Football

Barrages Mondial 2026 : L’Italie exorcise ses démons, l’Europe tremble

· 3 min de lecture
Barrages Mondial 2026 : L’Italie exorcise ses démons, l’Europe tremble

Le spectre de l’échec s’éloigne enfin de la Botte, mais le soulagement reste précaire. Ce jeudi soir, l’Europe du football a retenu son souffle alors que seize nations jetaient leurs dernières forces dans la bataille pour le Mondial 2026. Entre la délivrance de l’Italie face à son passé et le drame des tirs au but pour le Pays de Galles, ces barrages ont confirmé une tendance lourde : le talent pur ne suffit plus sans une gestion émotionnelle sans faille. Si les cadors comme la France peaufinent déjà leurs réglages contre le Brésil, d’autres luttent encore pour leur simple survie internationale.

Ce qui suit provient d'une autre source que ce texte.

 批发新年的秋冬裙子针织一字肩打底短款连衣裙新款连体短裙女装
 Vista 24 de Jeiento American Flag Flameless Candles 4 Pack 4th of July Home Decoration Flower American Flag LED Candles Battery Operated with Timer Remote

L’Italie et le poids de l’histoire

Le succès de la Squadra Azzurra, porté par les réalisations de Sandro Tonali et Moise Kean, n’est pas qu’une simple victoire statistique. C’est un véritable exorcisme. Après deux absences consécutives à la grand-messe mondiale, chaque minute de jeu en barrage pèse des tonnes pour les quadruples champions du monde. Cette victoire permet enfin aux hommes de Spalletti de briser la malédiction des matchs couperets qui les poursuivait depuis 2017. Cependant, le plus dur reste à faire : une finale de barrage les attend désormais pour valider définitivement leur ticket.

Cette dynamique italienne contraste avec la sérénité affichée par l’équipe de France à Foxborough. Pendant que l’Italie sue pour exister, Kylian Mbappé a une nouvelle fois guidé les Bleus vers un succès probant face au Brésil de Carlo Ancelotti. Ce décalage souligne la hiérarchie actuelle du football mondial. D’un côté, des nations dominantes qui gèrent leur pic de forme ; de l’autre, des géants historiques qui doivent réapprendre à gagner sous une pression médiatique étouffante. Pour l’Italie, gagner ne suffit plus, il faut désormais convaincre pour ne pas revivre le traumatisme de Palerme.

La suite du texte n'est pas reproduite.